The problem I have with free-software advocates like Richard Stallman is that they think freedom is the primary reason to use open-source software. It's not. Utility is.

After all, we're not talking about essential human rights here. We're talking about getting work done with software.

Over the past 10 years I and the companies with which I've worked have sold hundreds of millions of dollars in open-source software/services. Not once have I been asked about "freedom." For that matter, I've also never heard a customer gush about reduced vendor lock-in.

To the contrary, I've met with CIOs and CTOs who have explicitly told me that this isn't a top consideration for them. Just last week, in fact, I moderated a panel at LinuxCon in which I asked senior IT executives from leading media companies if vendor lock-in is a primary motivation for using open source. Nope.
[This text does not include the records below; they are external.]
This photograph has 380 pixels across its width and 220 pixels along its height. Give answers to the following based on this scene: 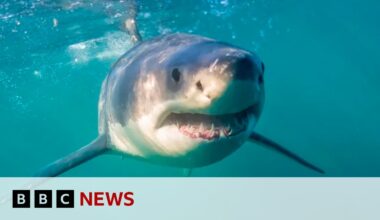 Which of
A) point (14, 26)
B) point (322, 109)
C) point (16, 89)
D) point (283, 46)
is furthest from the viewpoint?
point (322, 109)

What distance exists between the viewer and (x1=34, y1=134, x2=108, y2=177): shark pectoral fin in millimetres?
5504

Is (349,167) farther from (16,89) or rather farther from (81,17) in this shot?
(16,89)

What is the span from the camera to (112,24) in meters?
17.9

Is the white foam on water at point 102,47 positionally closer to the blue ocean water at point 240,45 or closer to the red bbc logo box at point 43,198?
the blue ocean water at point 240,45

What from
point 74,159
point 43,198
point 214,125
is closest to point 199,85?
point 214,125

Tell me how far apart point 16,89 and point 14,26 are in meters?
15.6

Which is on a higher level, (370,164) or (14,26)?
(14,26)

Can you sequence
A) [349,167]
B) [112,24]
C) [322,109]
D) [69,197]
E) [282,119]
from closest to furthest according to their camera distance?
[69,197]
[112,24]
[349,167]
[282,119]
[322,109]

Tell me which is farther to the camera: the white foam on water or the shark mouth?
the white foam on water

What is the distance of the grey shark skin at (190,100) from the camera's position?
2.84m

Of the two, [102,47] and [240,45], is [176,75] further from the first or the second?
[240,45]

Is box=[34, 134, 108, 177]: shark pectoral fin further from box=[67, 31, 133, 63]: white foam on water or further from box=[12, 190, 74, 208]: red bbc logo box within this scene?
box=[67, 31, 133, 63]: white foam on water

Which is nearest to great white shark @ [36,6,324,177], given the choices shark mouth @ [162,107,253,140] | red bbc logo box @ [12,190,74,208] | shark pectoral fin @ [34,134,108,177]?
shark mouth @ [162,107,253,140]

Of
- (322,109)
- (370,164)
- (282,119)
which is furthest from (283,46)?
(322,109) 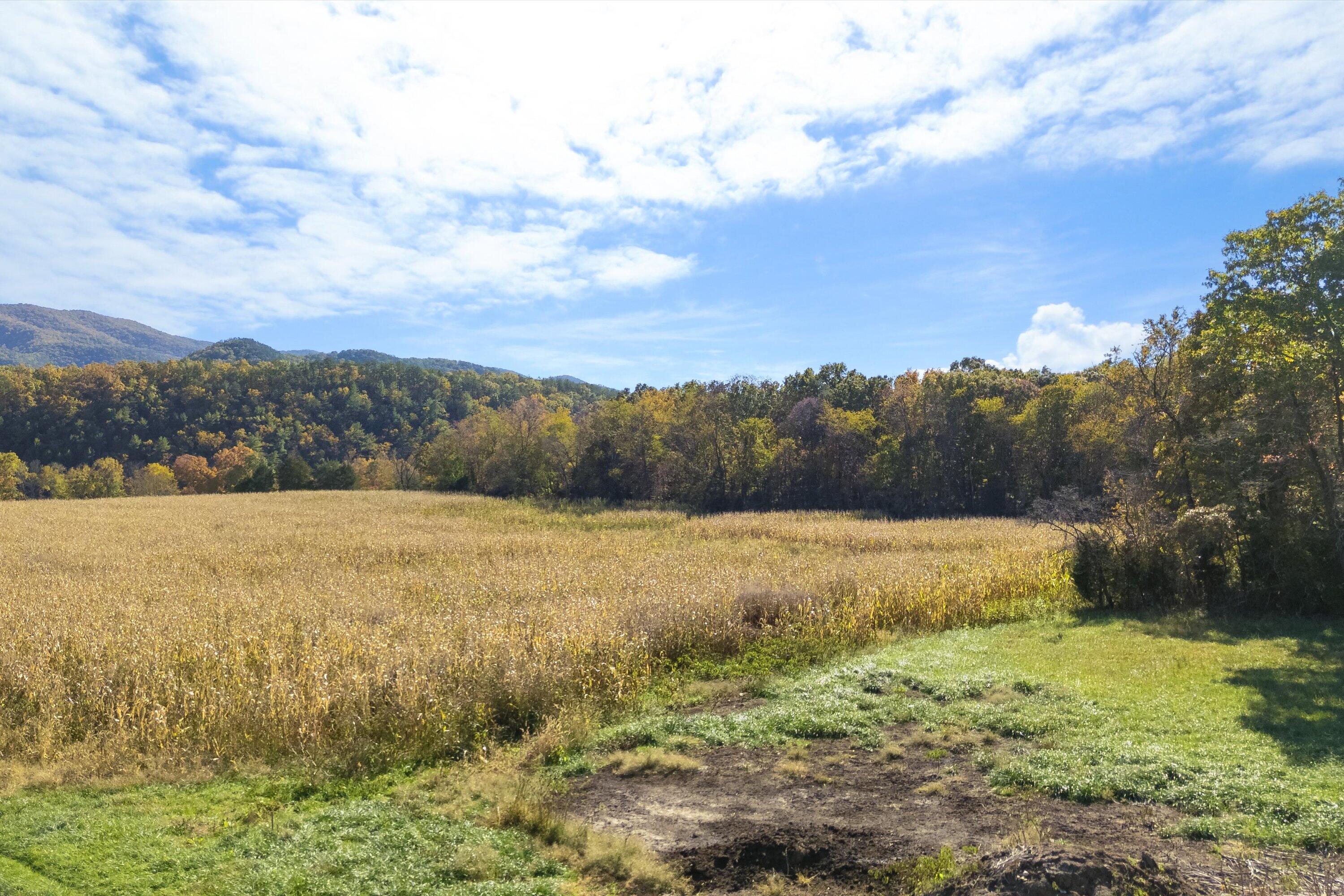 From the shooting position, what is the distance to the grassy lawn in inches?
212


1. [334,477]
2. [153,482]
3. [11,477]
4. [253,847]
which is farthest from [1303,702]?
[11,477]

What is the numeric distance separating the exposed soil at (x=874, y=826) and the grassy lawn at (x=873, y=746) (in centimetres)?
43

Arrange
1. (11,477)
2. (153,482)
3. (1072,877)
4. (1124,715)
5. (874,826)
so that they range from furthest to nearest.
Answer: (153,482) < (11,477) < (1124,715) < (874,826) < (1072,877)

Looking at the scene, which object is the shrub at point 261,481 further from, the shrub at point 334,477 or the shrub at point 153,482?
the shrub at point 153,482

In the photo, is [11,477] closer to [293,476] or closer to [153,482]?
[153,482]

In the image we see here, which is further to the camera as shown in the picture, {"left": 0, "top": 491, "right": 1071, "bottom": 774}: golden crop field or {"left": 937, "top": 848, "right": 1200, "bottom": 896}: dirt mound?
{"left": 0, "top": 491, "right": 1071, "bottom": 774}: golden crop field

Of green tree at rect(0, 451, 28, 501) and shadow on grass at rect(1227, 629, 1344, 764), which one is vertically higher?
shadow on grass at rect(1227, 629, 1344, 764)

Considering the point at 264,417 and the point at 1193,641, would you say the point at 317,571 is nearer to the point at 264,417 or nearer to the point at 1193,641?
the point at 1193,641

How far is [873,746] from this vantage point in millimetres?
8211

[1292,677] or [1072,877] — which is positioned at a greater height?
[1072,877]

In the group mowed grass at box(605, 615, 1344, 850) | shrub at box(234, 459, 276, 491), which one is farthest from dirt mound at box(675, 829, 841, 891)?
shrub at box(234, 459, 276, 491)

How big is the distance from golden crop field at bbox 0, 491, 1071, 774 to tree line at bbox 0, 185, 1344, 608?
3.71 metres

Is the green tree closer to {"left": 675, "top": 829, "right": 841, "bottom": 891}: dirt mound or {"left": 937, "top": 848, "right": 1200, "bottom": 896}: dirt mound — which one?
{"left": 675, "top": 829, "right": 841, "bottom": 891}: dirt mound

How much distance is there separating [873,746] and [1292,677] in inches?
272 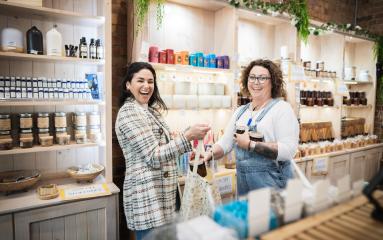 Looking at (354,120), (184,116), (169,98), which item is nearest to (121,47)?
(169,98)

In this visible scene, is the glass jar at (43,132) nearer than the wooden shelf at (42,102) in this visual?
No

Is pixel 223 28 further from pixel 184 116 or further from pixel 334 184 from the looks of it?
pixel 334 184

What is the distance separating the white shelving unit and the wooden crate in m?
1.69

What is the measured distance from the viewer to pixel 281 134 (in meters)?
1.96

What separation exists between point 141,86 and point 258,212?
1.36m

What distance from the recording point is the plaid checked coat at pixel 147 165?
1.80 metres

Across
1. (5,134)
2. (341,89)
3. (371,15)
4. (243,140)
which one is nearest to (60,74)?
(5,134)

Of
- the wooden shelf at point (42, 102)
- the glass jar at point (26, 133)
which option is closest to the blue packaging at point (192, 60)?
the wooden shelf at point (42, 102)

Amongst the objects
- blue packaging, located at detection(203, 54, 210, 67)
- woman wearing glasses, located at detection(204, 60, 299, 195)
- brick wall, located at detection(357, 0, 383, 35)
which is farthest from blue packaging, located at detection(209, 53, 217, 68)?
brick wall, located at detection(357, 0, 383, 35)

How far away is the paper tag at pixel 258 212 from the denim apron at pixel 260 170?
104 cm

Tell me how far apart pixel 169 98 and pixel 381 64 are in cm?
396

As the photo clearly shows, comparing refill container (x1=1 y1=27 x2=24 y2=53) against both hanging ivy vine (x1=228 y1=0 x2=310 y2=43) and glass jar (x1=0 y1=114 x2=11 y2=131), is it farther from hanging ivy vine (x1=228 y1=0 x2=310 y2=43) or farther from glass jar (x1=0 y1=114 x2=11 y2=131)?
hanging ivy vine (x1=228 y1=0 x2=310 y2=43)

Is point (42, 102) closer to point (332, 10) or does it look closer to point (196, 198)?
point (196, 198)

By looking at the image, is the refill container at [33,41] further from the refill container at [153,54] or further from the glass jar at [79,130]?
the refill container at [153,54] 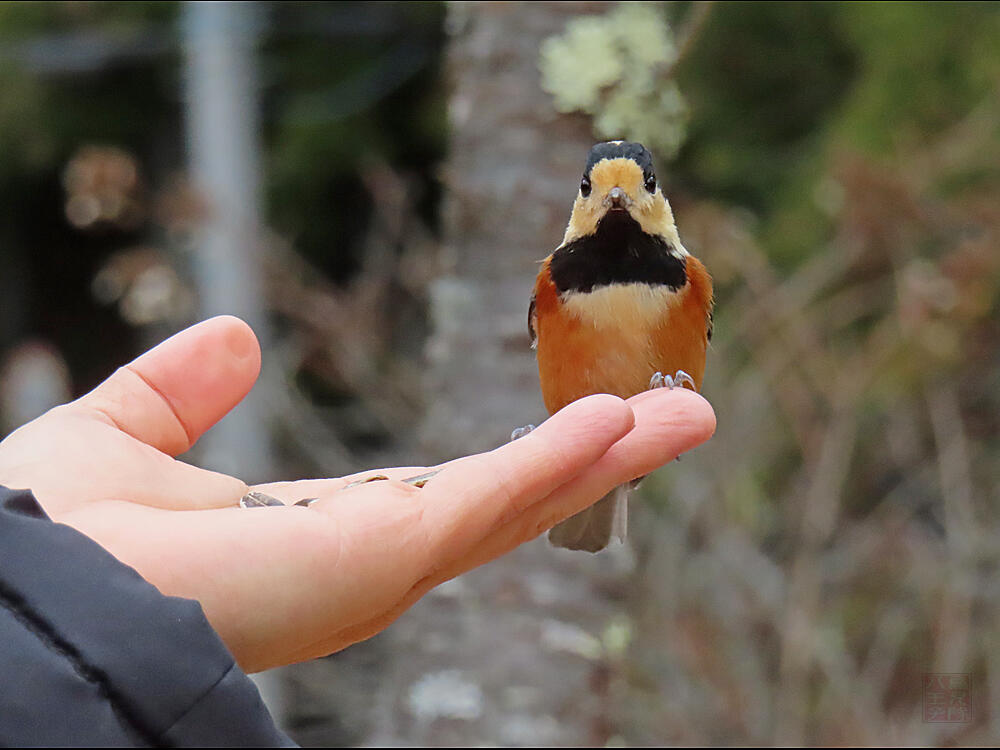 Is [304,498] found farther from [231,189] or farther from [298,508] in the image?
[231,189]

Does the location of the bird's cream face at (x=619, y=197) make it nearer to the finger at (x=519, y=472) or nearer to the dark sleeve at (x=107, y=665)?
the finger at (x=519, y=472)

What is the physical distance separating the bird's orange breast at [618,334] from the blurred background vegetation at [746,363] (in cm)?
38

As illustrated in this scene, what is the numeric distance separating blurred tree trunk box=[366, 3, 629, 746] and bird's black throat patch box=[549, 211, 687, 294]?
0.71m

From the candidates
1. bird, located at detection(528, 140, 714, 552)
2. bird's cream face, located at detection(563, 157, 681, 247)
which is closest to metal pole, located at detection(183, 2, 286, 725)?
bird, located at detection(528, 140, 714, 552)

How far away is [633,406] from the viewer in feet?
4.97

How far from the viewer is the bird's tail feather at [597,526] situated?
185cm

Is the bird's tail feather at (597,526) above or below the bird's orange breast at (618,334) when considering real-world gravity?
below

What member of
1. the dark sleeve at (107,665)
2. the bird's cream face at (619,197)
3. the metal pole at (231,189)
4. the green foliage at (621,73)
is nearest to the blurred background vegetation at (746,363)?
the green foliage at (621,73)

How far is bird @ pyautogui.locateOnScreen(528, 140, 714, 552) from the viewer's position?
148 cm

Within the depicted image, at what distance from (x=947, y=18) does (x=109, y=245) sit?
336 inches

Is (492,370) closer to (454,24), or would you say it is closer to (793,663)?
(454,24)

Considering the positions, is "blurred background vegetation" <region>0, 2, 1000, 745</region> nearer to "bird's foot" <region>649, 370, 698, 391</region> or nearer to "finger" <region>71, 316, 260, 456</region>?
"bird's foot" <region>649, 370, 698, 391</region>

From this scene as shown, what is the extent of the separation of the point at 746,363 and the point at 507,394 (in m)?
2.18

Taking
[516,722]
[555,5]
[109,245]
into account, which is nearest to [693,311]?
[555,5] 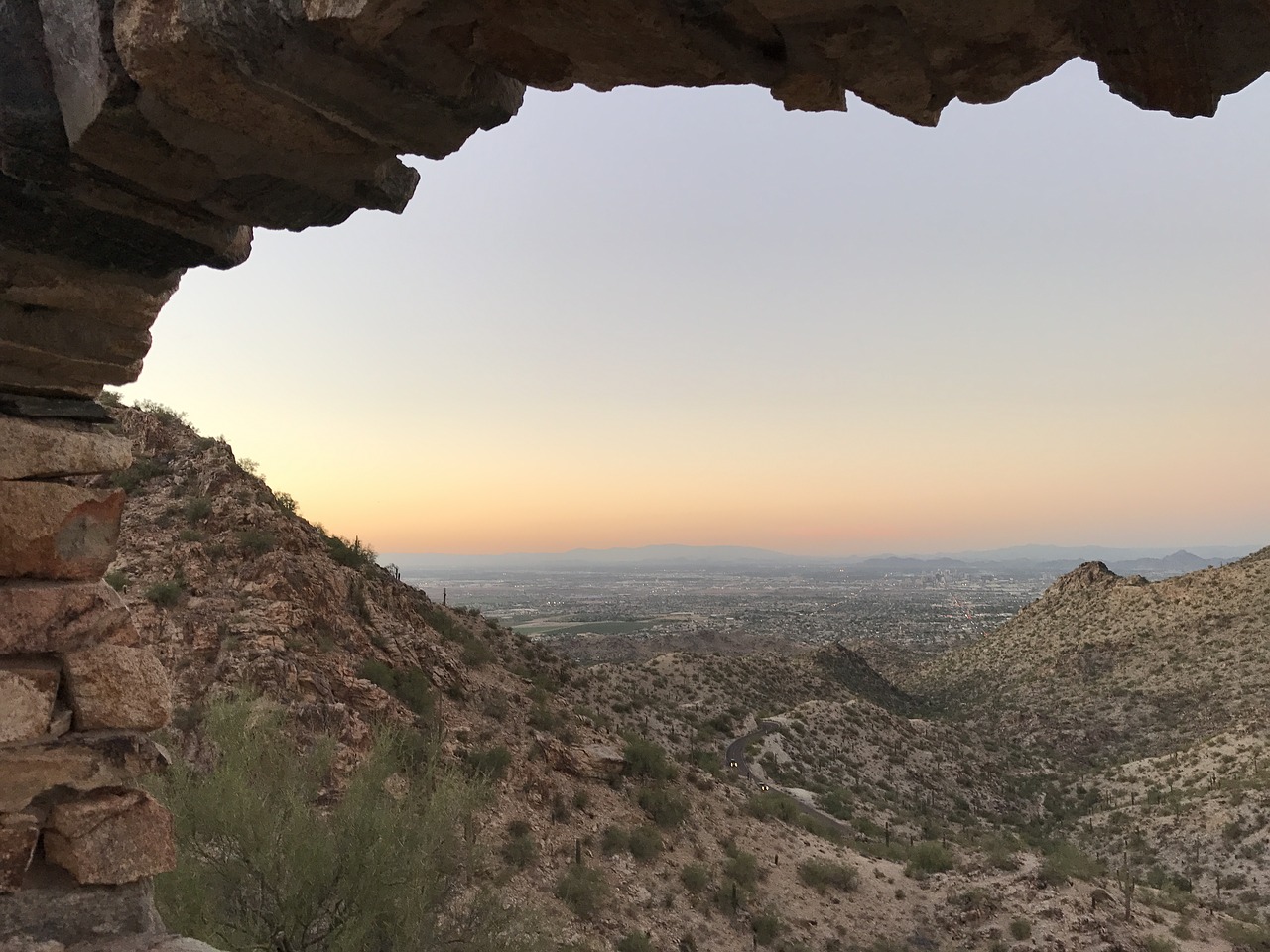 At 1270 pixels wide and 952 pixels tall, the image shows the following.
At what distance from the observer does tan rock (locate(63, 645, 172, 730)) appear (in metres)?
5.20

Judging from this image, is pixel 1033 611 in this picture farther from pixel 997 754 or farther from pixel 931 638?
pixel 931 638

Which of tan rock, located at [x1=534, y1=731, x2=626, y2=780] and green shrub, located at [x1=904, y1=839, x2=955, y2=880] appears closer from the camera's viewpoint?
tan rock, located at [x1=534, y1=731, x2=626, y2=780]

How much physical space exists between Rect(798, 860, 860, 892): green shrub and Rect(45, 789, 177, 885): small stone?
16.9m

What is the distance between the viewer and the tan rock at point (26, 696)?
4.77 meters

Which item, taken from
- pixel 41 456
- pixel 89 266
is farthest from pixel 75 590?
pixel 89 266

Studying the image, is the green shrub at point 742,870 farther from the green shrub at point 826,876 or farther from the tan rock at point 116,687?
the tan rock at point 116,687

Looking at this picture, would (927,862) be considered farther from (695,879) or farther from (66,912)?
(66,912)

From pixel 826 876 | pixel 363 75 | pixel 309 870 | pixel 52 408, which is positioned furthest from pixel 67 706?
pixel 826 876

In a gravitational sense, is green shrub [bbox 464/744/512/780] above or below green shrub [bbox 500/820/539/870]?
above

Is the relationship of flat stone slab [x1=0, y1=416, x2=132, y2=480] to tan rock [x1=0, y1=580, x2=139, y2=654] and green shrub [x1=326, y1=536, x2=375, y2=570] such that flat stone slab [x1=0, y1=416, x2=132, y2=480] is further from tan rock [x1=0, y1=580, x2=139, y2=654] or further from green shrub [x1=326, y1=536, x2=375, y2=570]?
green shrub [x1=326, y1=536, x2=375, y2=570]

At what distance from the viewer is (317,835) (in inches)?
358

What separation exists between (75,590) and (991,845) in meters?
25.5

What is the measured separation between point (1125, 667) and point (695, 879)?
157 ft

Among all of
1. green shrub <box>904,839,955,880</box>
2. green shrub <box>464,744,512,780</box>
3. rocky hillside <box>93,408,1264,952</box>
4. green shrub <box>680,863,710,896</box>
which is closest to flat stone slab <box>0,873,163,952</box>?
rocky hillside <box>93,408,1264,952</box>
They have work to do. They want software that helps them get their work done and gets out of the way. That's what open source does.

For those of us who make a living selling services around open-source software, it's not enough to trumpet freedom. No one buys that. A CIO might intuitively know that open source and open standards tend to ensure lower exit costs (i.e., the cost of moving to an alternative vendor/software product), but her primary concern today is the need to squeeze more productivity out of a significantly lower IT budget.

If open-source vendors want to get her attention, they had better be pitching high value for low dollars, not freedom. Freedom is something that gets considered once the CIO has already recognized upfront cost savings in a fully operational IT project.

Even then, CIOs don't think of it as "freedom." They think of open source, as The 451 Group's Matt Aslett suggests, as "flexibility, performance, and reliability." These are the long-term benefits that drive CIOs to invest in open source long term, but they start with short-term cost savings and a successful IT project.

Forrester is now projecting a 9.3 percent drop in U.S. IT spending in 2009, according to ZDNet. Want to help a CIO? Find her a way to avoid the reported $6.2 trillion in IT project failure using open source, so that her more limited budget can still pay for the work she needs to get done.

This is what Novell did by helping The Burton Corporation shave 80 percent of its server costs by moving from Unix to Suse Linux Enterprise Server. That's real money. That's tangible. That's open source.

Don't sell her on "freedom" and open source as "magic pixie dust." Right now, she can't afford it. Freedom is something that she'll appreciate over time, and it will reveal itself in terms of additional development flexibility and lower budget requirements to get things done.

Sell the CIO on open source's value, in terms of cost and quality, as Forrester reports. That's the marketing message she needs to hear right now.